They’ll pay ¢2,500 to ¢3,000 ($5-6) for their meals, more than the approximately ¢1,200 to ¢2,000 ($2.40 to $4.00) for lunch at a typical Costa Rica soda, but in line with the price of a meal at other fast food chains here.
Roberto Ramírez, who works in an office nearby and came on his lunch hour, said his fondness of Japanese food drew him to Teriyaki Experience.
“I’d never tried Japanese fast food, though. Seemed like it would be interesting,” he said.
The U.S. company QSR International LDC, which brought KFC and Quiznos to Costa Rica, is the master franchiser behind Teriyaki, meaning it has the rights to open franchises in the region, said Roy McCormick, QSR International franchise expansion and marketing consultant.
Its goal is to open six restaurants in Costa Rica by then end of 2008. The second store is under construction at Plaza Real Cariari.

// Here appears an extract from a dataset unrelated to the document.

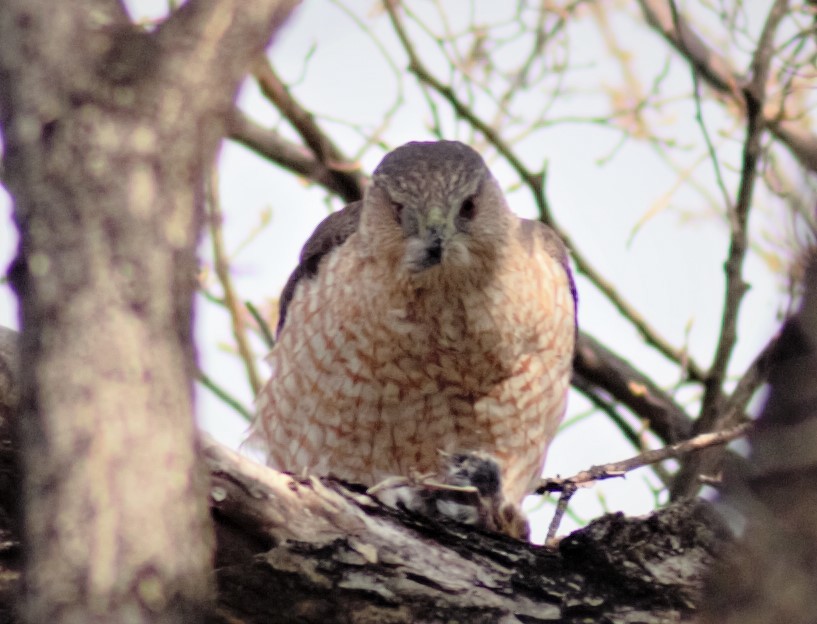 Cooper's Hawk - ML234254181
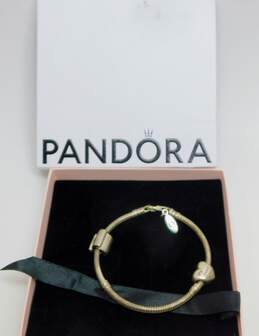 Pandora 925 Charm Bracelet With Best Friends & Sweet Pet Charms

Others are scheduled to follow at Multiplaza del Este, in the eastern suburb of Curridabat, and Multiplaza Escazú, across town in the west-side canton of Escazú, said Carolina Beeche, manager of marketing and sales.
More than $1 million has been secured for these first four restaurants, and the company is seeking investors for the remaining two.
“We have a very aggressive expansion plan,” Beeche said, explaining the company hopes to make Costa Rica its regional headquarters to provide sales training and support for future restaurants in Guatemala, Nicaragua, Suriname, Aruba, Trinidad & Tobago, El Salvador, Honduras, Panama, Colombia, Gran Cayman and the Bahamas.
The company is also on the lookout for franchisers in these countries.
Teriyaki Experience got its start at Promenade Mall in Toronto, Canada in 1986 and has since expanded to 128 restaurants in Bahrain, Egypt, Italy, Kuwait, the Netherlands Antilles, Qatar, the United Arab Emirates, the United States and Canada.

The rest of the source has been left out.